La discussione è ben diversa quando un premio ricchissimo, per la ricerca italiana, è finanziato con risorse pubbliche su iniziativa di una istituzione eletta dai cittadini. In questo caso si assiste a una “munificenza di Stato” che attribuisce risorse pubbliche ad una persona o gruppo per quel che ha fatto in passato. Nel 2016 la Regione Lombardia si è proposta di potenziare l’investimento in ricerca istituendo, tra le iniziative, una giornata intitolata a Umberto Veronesi con la consegna del premio “Lombardia è ricerca”.

Una giuria di 15 scienziati decide a chi assegnarlo, sulla base di candidature promosse da istituzioni scientifiche e studiosi con h-index (indice dell’impatto scientifico di un autore) maggiore di 50. Un giovane che volesse candidarsi con la sua scoperta non può farlo né è prevista la sottomissione di una “application”.

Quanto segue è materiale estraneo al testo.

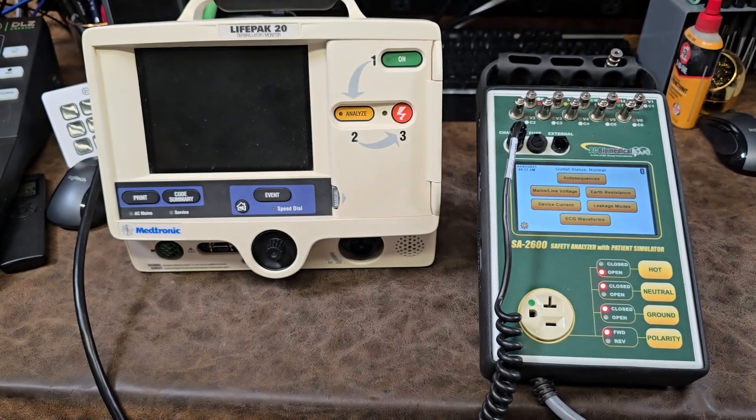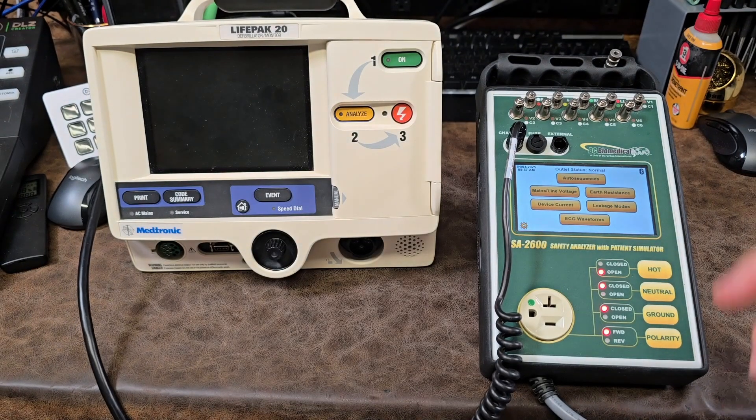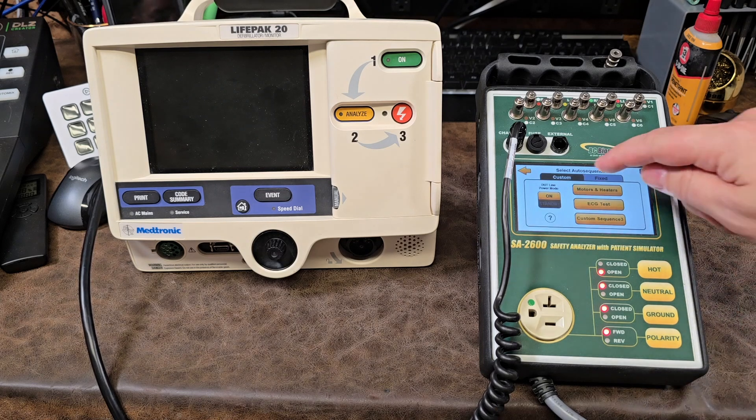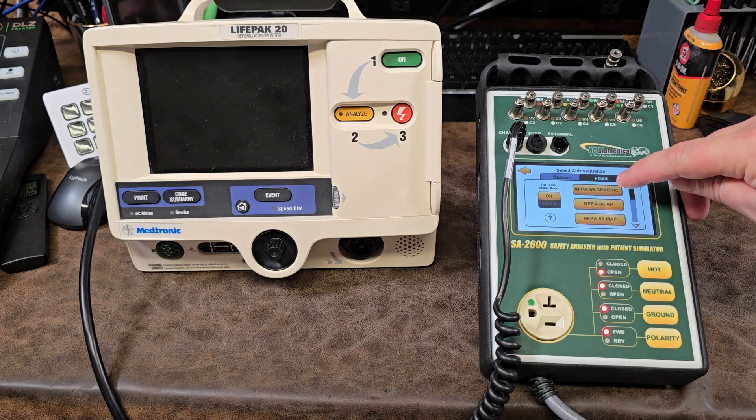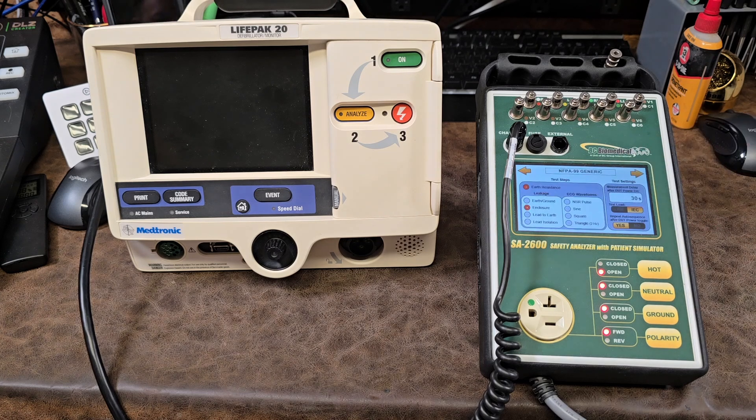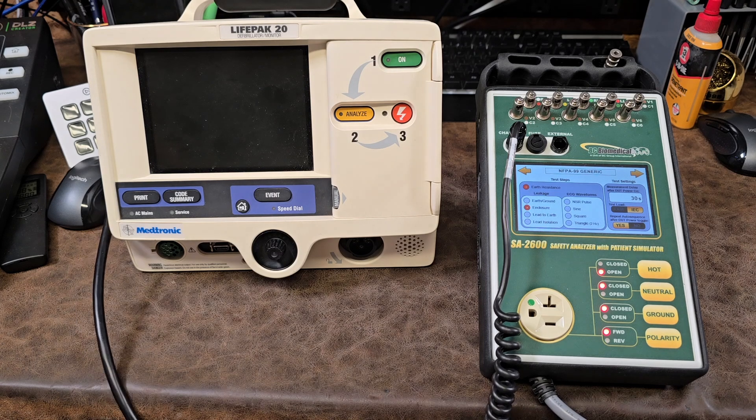Let's go ahead and lay that cable over there. The first step in the auto sequence is to press the button — we have custom or fixed. Let's go to fixed. You can see one of the options right here says NFPA 99 generic. Let's go ahead and touch it.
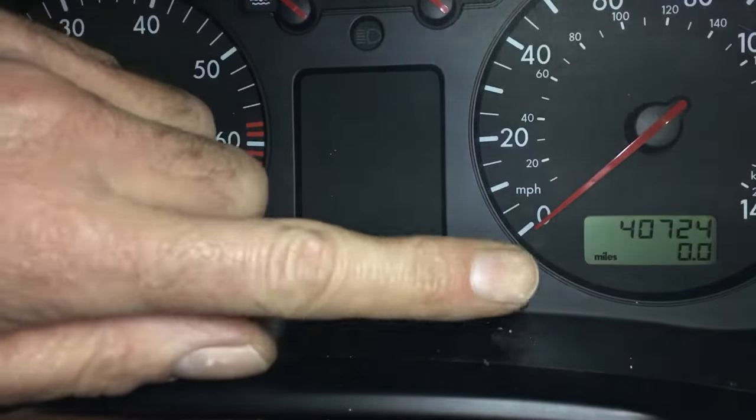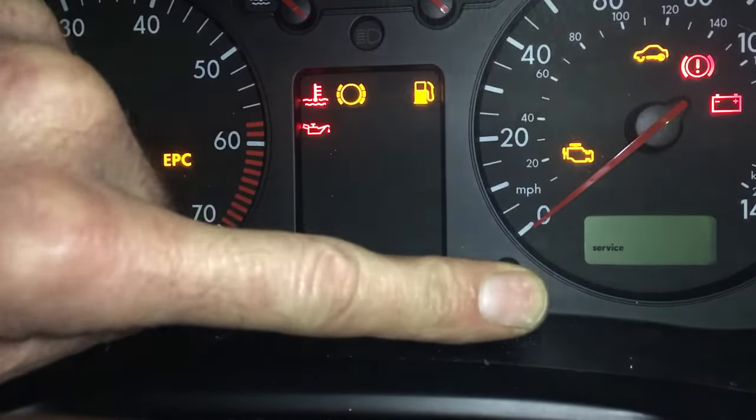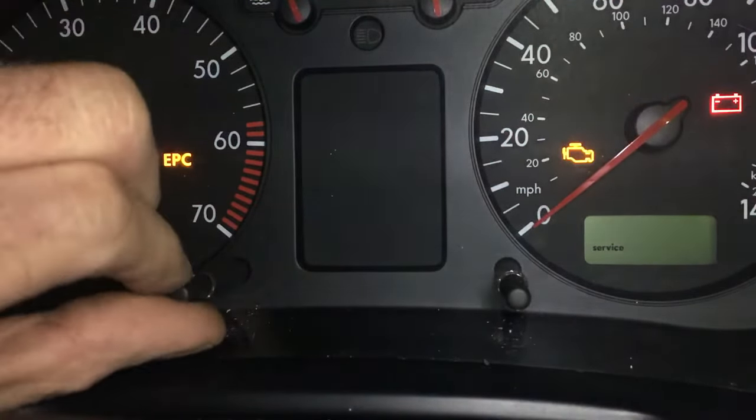So, nice and easy. Press and hold the trip button, turn the ignition on. You can see it says service. Come over to the time button, twist it clockwise.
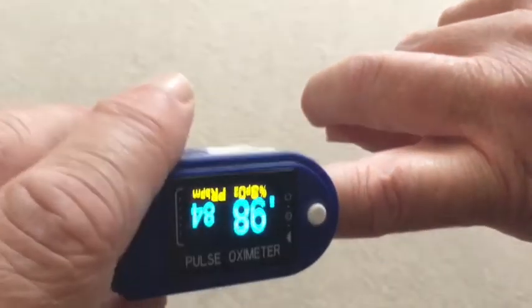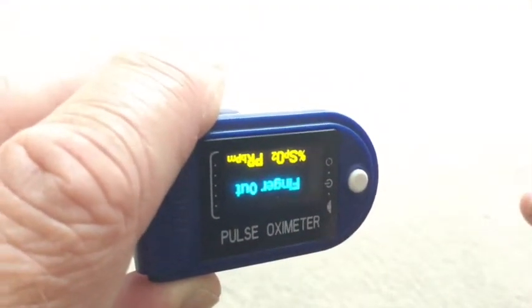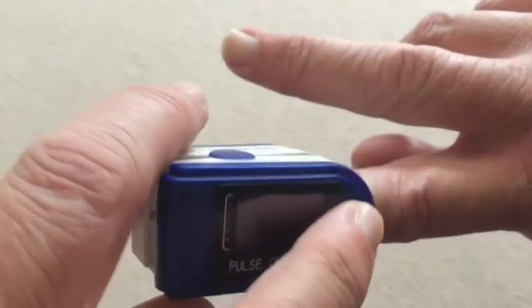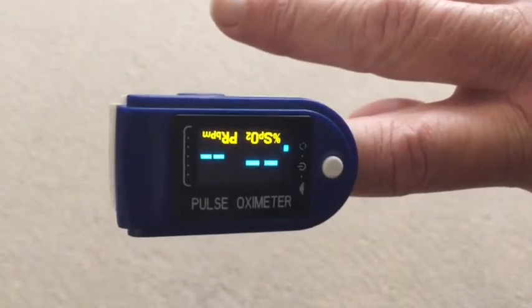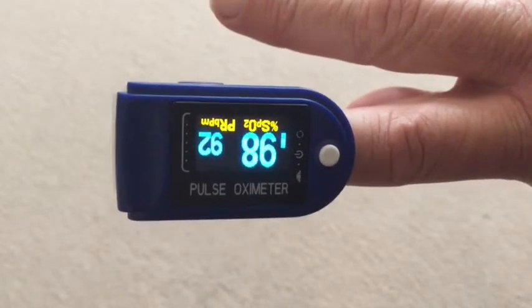One good feature is that it has a memory. Here you can see I selected the screen facing away from me. I take my finger out, allow it to turn itself off, put my finger back in again, and you can see that it starts on the same screen. It's just calculating the figures.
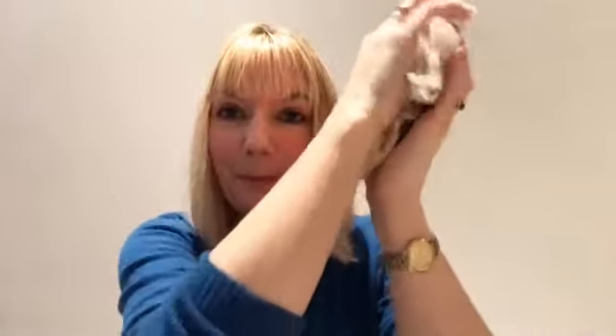If you have chopped your finger off, your priority is obviously to stop the bleeding. Apply direct pressure, and if it's a child, make sure that before you deal with the severed part, you're actually caring for them, making sure they are completely calm and the bleeding is under control.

Il Premio prevede che 300 mila euro (pubblici) siano “regalati” al vincente. Altri 700 mila sono destinati ad indefinite “attività di ricerca” che il vincitore dovrà svolgere nel territorio lombardo. Sono erogati, cioè, senza sapere su quale ricerca saranno investiti e senza vagliare in modo comparativo alcuna progettualità.

Quest’anno il premio era destinato alla “medicina di precisione” e, avendone i requisiti, sono stata invitata a proporre una candidatura. Invito a cui, come ho spiegato a colleghi, al presidente della giuria e alla Regione, non ho dato seguito in assenza dell’unico modo che, da scienziata, conosco per scegliere cosa premiare con soldi pubblici, nonché l’unica garanzia per massimizzare un investimento istituzionale: la competizione pubblica, aperta a tutti, trasparente, che parta da una “application” e sia rendicontata. Mi è stato risposto che è «tutto in regola», «così fan tutti», «lo dimostrano i cv di colleghi stranieri pieni di premi» come se l’origine pubblica delle risorse fosse indifferente al loro utilizzo e la Regione, o altra istituzione pubblica, potesse comportarsi alla pari di un “magnate”. Alla domanda posta a suo tempo dal professor Gilberto Corbellini: «In quale paese civile si usano soldi pubblici per farne premi scientifici?», non resta che la risposta più penosa: il nostro. Il rifiuto di avallare strumenti di assegnazione di fondi pubblici al di fuori di bandi competitivi deve essere continuo e inequivoco. Viceversa, si rischia di confondersi con modalità patologiche di finanziamento della ricerca che nel nostro Paese abbondano. Non è questo che prevede il metodo scientifico e non è su questo che si basa il rapporto non negoziabile tra scienziato e cittadini. Basterebbe virare verso un modello aperto, magari avvalendosi di autorevoli e benemeriti sponsor privati, per correggere una rotta pur animata da apprezzabili intenti.